Work required
Leaving pictures aside, set down each line exactly, from the first line of the data to the line with "Vietnamese Cosplayer's Viral", both included.

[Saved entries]

---+---

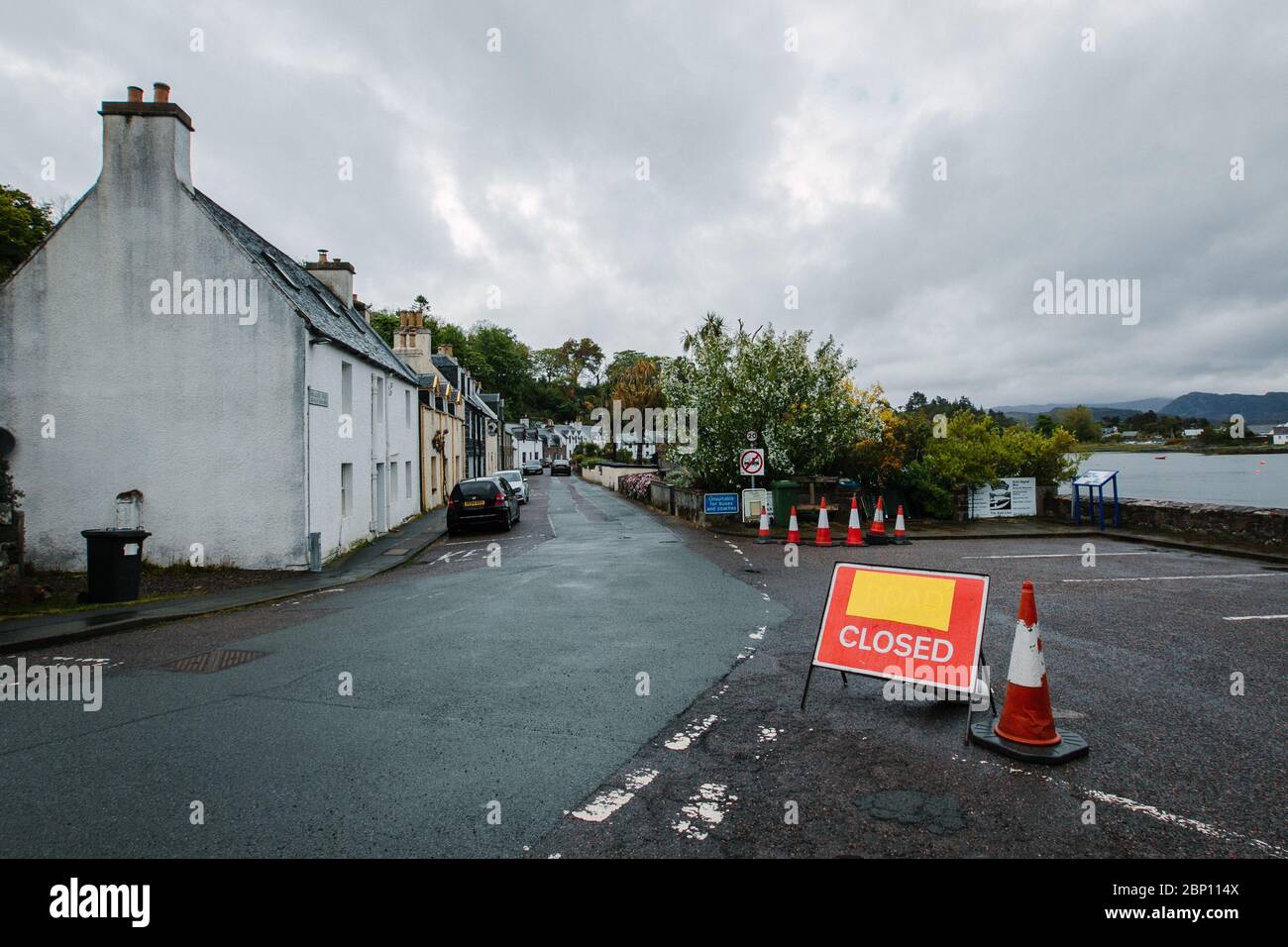 Panneau fermé dans le village de Plockton, dans les Highlands, où il n'y a pas de touristes en raison du confinement en cas de pandémie du coronavirus. Banque D'Images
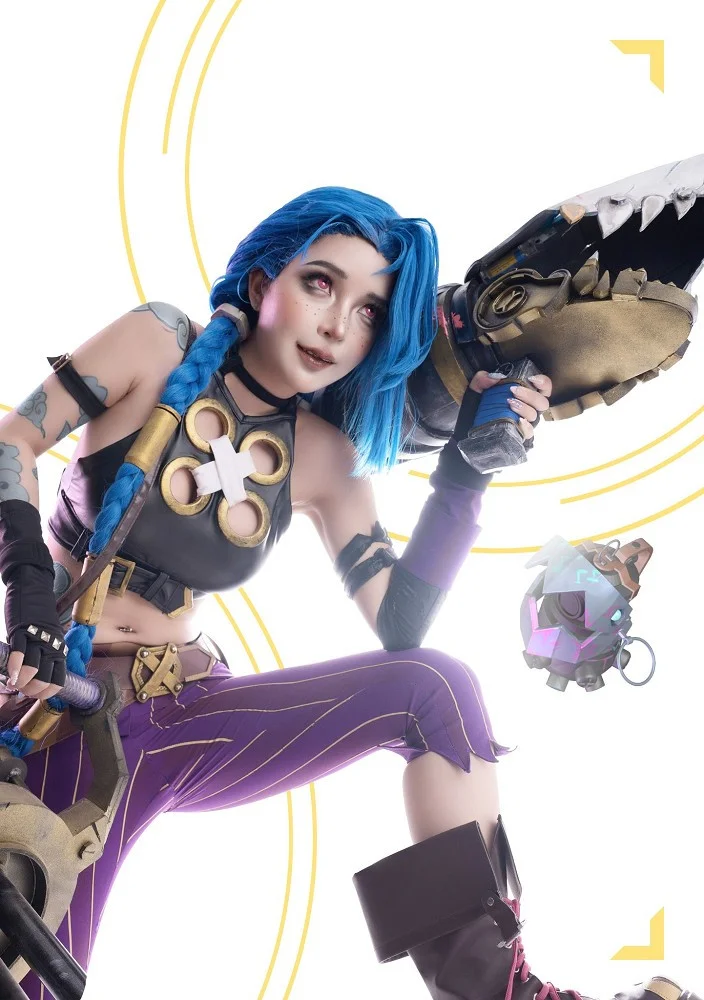 Vietnamese Cosplayer's Viral 'Shirt Rip' Transformation Stuns the Internet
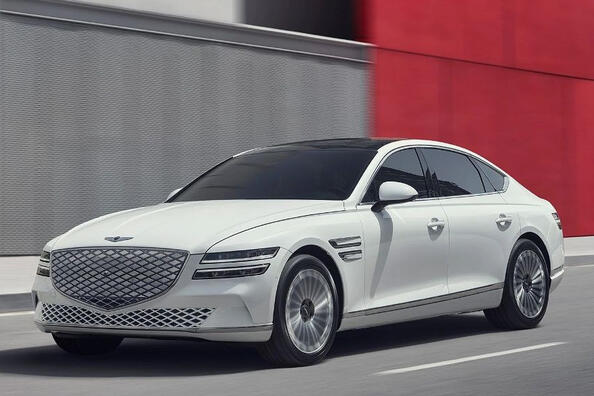 Recensione della berlina elettrificata Genesis G80: lusso elettrificato Foto 1
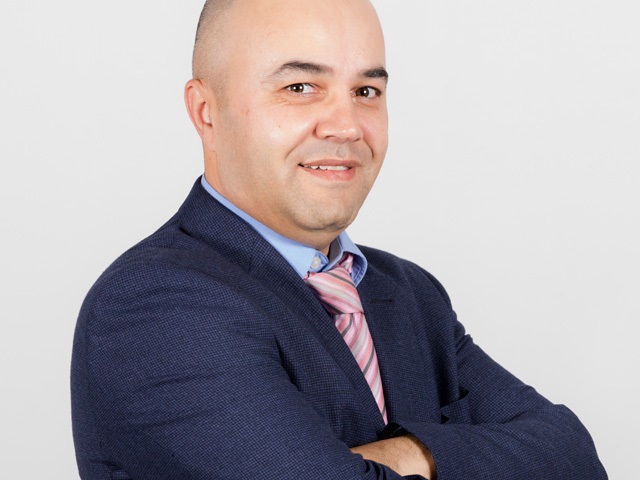 Scrisoare de la un antreprenor din industria farma. Spitalele și medicii nu au echipamente anti-virus. Dar există vreo entitate a statului responsabilă cu achiziția de stocuri medicale urgente? C?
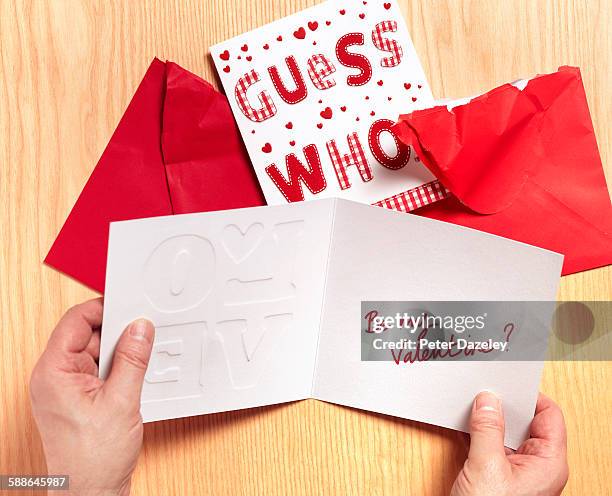 man reading valentine card - carta de amor fotografías e imágenes de stock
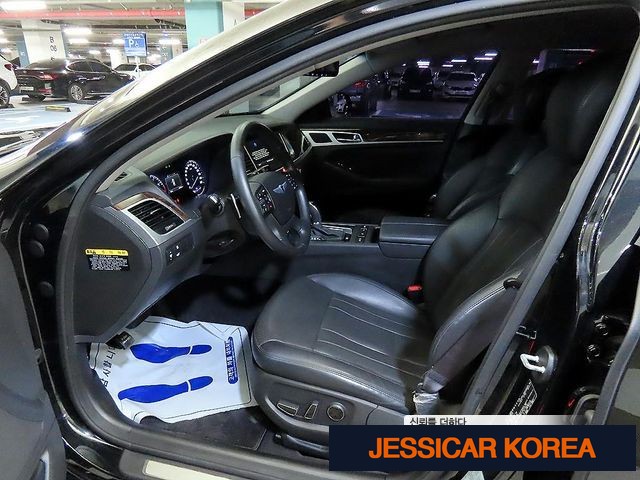 2014 Hyundai Genesis DH - Thumbnail 8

---+---

Task answer
 Panneau fermé dans le village de Plockton, dans les Highlands, où il n'y a pas de touristes en raison du confinement en cas de pandémie du coronavirus. Banque D'Images
 Vietnamese Cosplayer's Viral 'Shirt Rip' Transformation Stuns the Internet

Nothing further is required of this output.